Eisenberg: Not me. I don’t really feel like I do.

Stewart: Recently, I’ve been doing slightly more, and it really does pertain to the five-minute, overtly commercial interviews.

A video where you have to play a game or something?

Stewart: Yeah, exactly. Or if you’re doing a movie that is also very commercial – they want it quick and they don’t want anything that will make you stutter or think twice about anything. So, if you’re not good at being cute and funny in five minutes, you feel condemned. And it’s like, “My God, maybe I’m not good at that.” I acknowledge that – but why should the reaction be that I’m stupid in some way?

A couple of years ago, the headlines were that Jesse is “a jerk” because of one of those segments.

Stewart: I saw that!

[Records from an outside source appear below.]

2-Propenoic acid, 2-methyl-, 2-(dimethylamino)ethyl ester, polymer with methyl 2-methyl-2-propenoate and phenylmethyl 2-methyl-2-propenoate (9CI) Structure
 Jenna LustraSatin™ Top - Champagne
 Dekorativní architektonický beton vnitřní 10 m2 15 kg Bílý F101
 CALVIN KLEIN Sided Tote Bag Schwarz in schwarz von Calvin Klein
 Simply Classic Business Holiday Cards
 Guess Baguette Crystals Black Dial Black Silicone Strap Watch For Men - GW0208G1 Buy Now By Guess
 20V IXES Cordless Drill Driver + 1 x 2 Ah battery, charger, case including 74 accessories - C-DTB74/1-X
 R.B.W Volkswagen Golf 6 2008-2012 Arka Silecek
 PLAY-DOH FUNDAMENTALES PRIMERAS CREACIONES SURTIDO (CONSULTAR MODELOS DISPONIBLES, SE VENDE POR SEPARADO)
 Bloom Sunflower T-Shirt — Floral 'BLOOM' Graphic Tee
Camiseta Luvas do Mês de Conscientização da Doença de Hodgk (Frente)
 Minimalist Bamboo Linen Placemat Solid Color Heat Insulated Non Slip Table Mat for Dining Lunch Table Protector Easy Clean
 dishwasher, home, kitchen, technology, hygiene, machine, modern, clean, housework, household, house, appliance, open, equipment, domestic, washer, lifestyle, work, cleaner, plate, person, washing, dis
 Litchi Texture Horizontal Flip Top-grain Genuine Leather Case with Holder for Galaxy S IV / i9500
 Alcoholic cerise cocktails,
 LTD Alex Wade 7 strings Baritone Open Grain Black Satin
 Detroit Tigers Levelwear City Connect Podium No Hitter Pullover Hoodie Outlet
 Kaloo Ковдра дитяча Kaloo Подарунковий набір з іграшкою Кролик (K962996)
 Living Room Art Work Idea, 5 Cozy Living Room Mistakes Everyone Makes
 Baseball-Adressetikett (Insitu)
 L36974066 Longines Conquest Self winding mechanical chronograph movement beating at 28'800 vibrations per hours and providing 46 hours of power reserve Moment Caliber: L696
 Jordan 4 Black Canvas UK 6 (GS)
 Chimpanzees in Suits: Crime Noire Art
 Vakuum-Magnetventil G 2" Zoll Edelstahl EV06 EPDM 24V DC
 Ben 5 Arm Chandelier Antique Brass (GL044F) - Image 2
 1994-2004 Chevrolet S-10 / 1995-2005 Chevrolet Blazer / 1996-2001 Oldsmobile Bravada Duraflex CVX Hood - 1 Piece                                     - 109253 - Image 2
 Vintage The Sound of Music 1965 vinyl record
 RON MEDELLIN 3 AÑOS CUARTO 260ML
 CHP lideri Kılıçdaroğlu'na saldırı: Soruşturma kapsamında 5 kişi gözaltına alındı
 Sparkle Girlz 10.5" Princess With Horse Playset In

My friend showed me that, because they were like, “Jesse Eisenberg seems like such an asshole.” And I was like, “Why? That’s crazy. Why?” And then they showed it to me and I’m like, “He’s not a jerk.”

I spent like 90 minutes with Jesse once for a large piece and in that time I got used to your quirks and humor. Knowing that, that video felt like you were just playing along.

Eisenberg: Yeah, you can’t control how somebody cuts something.

Stewart: She was very, I’m sorry, [looks at my recorder], I’m not speaking to that. [Kristen Stewart whispers into Jesse Eisenberg’s ear.]

When I write this up, this is the part where I insert, “Kristen Stewart whispers into Jesse Eisenberg’s ear.”

Eisenberg: [Laughs] Yeah. “[Dramatically gasps] Kristen?!?! What?!?!” But the thing is, things are so fleeting and transient. You’ll watch them for a day, then no one else remembers making them.

Stewart: And I love how people like to make statements as if they’re feigning true passion, when really they’re just using you opportunistically to get hits on their website. And I’m like, “Oh, cool, so you pretend like you care about something where you don’t have a thought – you don’t even have a fucking thought about any of it.” It’s literally just, “She said one word? Enter it. Fucking harpoon her.”

Eisenberg: With my experience, she had to have done a lot of research and printed out funny pictures. I saw it once, I don’t know if she edited it out, but she had lots of different stuff. It seems like she had plans. And it was a nice interview, I don’t know if she chose to frame it a certain way because it’s more popular that way.